Refresh CUDA/ROCm docs with new option defaults. (#8246)
* `IREE_HAL_DRIVER_CUDA` and `IREE_TARGET_BACKEND_CUDA` now default to `OFF`, so I fixed the docs to reflect that
* Remove references to Android and host/target (no CUDA or ROCm on Android :P)
* Assorted phrasing and formatting tweaks (e.g. ROCM -> ROCm, collapsed small content tab sections down to regular paragraphs, broke up the first paragraph with some bullet points)
diff --git a/docs/website/docs/deployment-configurations/gpu-cuda-rocm.md b/docs/website/docs/deployment-configurations/gpu-cuda-rocm.md
index 9a34091..9147799 100644
--- a/docs/website/docs/deployment-configurations/gpu-cuda-rocm.md
+++ b/docs/website/docs/deployment-configurations/gpu-cuda-rocm.md
@@ -1,6 +1,9 @@
-# CUDA and ROCM GPU HAL Driver
+# CUDA and ROCm GPU HAL Driver
-IREE can accelerate model execution on NVIDIA GPUs using CUDA and on AMD GPUs using ROCm.
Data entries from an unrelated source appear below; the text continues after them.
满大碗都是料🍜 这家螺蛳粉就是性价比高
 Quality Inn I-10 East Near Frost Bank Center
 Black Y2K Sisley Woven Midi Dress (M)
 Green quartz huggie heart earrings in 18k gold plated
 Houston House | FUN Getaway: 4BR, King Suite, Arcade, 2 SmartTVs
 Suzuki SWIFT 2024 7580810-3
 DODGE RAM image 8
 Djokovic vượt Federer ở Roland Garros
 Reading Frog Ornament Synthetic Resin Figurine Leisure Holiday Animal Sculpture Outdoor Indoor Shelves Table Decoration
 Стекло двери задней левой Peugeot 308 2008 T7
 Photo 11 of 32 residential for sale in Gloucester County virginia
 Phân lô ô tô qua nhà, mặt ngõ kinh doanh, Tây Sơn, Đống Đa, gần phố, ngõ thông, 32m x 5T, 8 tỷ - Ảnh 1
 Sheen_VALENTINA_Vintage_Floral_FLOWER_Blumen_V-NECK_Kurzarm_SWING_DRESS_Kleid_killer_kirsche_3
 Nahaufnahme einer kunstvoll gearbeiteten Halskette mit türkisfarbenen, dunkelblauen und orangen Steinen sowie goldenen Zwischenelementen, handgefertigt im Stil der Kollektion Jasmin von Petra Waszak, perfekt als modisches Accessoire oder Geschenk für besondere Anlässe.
Due to the similarity of CUDA and ROCm APIs and infrastructure, the CUDA and ROCm backends share much of their implementation in IREE. The IREE compiler uses a similar GPU code generation pipeline for each, but generates PTX for CUDA and hsaco for ROCm. The IREE runtime HAL driver for ROCm mirrors the one for CUDA, except for the command graph - where CUDA has "direct", "stream", and "graph" command buffers, and ROCM has only "direct" command buffers.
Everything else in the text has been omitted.